The 4th Amendment in the Internet
Privacy in the Age of the Net
"The
right of the people to be secure in their persons, houses, papers, and effects,
against unreasonable searches and seizures, shall not be violated."
Fourth Amendment of the U.S. Constitution
What people read, research or access remains a fundamental
matter of privacy. One should be able to access all constitutionally protected
information and at the same time feel secure that what one reads, researches
or finds through our Nation's libraries is no one's business but their own.
There are many privacy bills that have been introduced into recent Congresses
relating to business, health, student and other records. The expansion of
e-government, e-commerce, and other forms of electronic transactions, including
library services, raises serious questions for the library community in protecting
individual privacy, especially the privacy and confidentiality of library
patron records.
Not only the internet community is affected by "warrant-less" searches
and seizures. This practice has been going on in every cross section of the
population.
Police boast that their new technique, the "knock and talk" produces
thousands of warrant less "consensual" searches of private residences
every year. It goes like this: "Excuse me sir, /ma'm, but we'd just like
to come in and look around. It will go much easier for you than if you make
us get a warrant." Most folks make the mistake of letting them in. Can
it be that no one understands that the constitution is not a technicality
but the rules that tell the government what it can and can't do?
One thing it says for sure: with only the narrowest of exceptions, the police can't enter your home without a warrant.

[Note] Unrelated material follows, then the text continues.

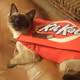 thekitcat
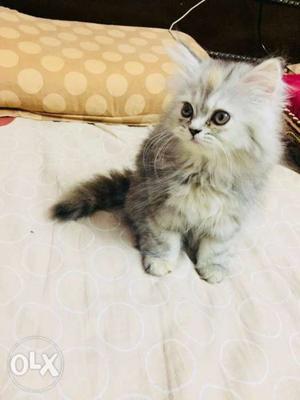 Long-fur Gray And Beige Kitten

The Constitution would not have been ratified by the individual states
without a Bill of Rights, and its Fourth Amendment contained very specific
restrictions on government search and seizure: a warrant that must list the
exact place and persons to be searched, and there must be probable cause to
believe a crime is being, has been, or will be committed.
One has the right to tell the police to get a search warrant before they can
enter your house and look around. How is it handled on the Internet? Should
agencies have the right to go through your mail? The controversy is that if
people get noticed before they get searched there is a good chance that they
will have time enough to get rid of the evidence, especially in the age of
the internet. Erased files and folders are irretrievably lost and cannot be
recovered. Should the 4th Amendment be modified for the internet generation?
It is certain that entering one's e-mail account is different than walking
into one's house. Nonetheless, it both violates the 4th Amendment if it is
done without a search warrant. There are certain states, e.g. California,
that allow their agencies to search homes of criminals without a warrant and
that could be used in the Internet world as well.